In the decade before he died, Elkin saw his own work subject to specialization among the American literary community, meaning that his readers were a primarily specialized audience of students, critics of postmodern American fiction, and fellow writers. Although many writers and several critics saw him as an extraordinarily original writer and a craftsman of great skill, his work was not widely received in popular circles. In addition, some readers reacted adversely to his triptych, The Living End (1979), because of its satiric portrayal of God and the Holy Family. However, during the same period as Elkin’s popularity as a novelist and cultural commentator went into a temporary decline, he was eagerly sought after by magazines and journals for his crotchety, eccentric views on pubic life.

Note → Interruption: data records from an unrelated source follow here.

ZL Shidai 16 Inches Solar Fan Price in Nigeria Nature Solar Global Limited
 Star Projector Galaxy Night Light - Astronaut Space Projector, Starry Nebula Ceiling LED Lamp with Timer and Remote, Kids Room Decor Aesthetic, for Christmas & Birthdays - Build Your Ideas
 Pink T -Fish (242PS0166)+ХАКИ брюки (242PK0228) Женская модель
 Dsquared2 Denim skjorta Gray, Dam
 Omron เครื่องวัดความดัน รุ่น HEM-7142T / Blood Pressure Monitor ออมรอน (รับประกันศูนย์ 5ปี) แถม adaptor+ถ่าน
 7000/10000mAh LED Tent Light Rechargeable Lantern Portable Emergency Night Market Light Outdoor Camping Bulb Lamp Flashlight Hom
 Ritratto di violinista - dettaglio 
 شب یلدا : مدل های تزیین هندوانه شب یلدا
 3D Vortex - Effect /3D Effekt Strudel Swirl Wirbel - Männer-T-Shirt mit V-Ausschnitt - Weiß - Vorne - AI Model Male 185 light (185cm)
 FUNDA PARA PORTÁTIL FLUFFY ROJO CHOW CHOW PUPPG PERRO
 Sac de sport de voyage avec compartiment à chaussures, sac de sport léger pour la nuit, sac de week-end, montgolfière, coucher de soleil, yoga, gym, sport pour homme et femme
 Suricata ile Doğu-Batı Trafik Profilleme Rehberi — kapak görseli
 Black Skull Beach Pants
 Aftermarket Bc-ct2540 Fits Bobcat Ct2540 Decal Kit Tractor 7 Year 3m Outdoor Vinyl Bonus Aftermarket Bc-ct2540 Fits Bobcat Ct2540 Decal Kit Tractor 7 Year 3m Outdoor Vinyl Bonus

His essays on the Academy Awards and the California culture are marvelous revivals of the familiar essay genre and he established himself as one of the most astute commentators the work we do, the things we consume, the culture we inhabit, and the way we live. Since Elkin’s death there have been indications that he will be restored to his rightful place as one of the most original, if idiosyncratic, fiction writers of the second half of the twentieth century and one of the most astute commentators on the work we do, the things we consume, the culture we inhabit, and the ways these things shape our character and our fate.
Elkin’s personal papers are archived at Washington University in St. Louis. No formal biography of Elkin exists at this time, but autobiographical essays appear in Early Elkin (1985) and Pieces of Soap (1992). For brief descriptions of Elkin’s life story, see Doris G. Bargen, The Fiction of Stanley (1980), and David Dougherty, Stanley Elkin (1991). An obituary appears in the Chicago Tribune (1 June 1995).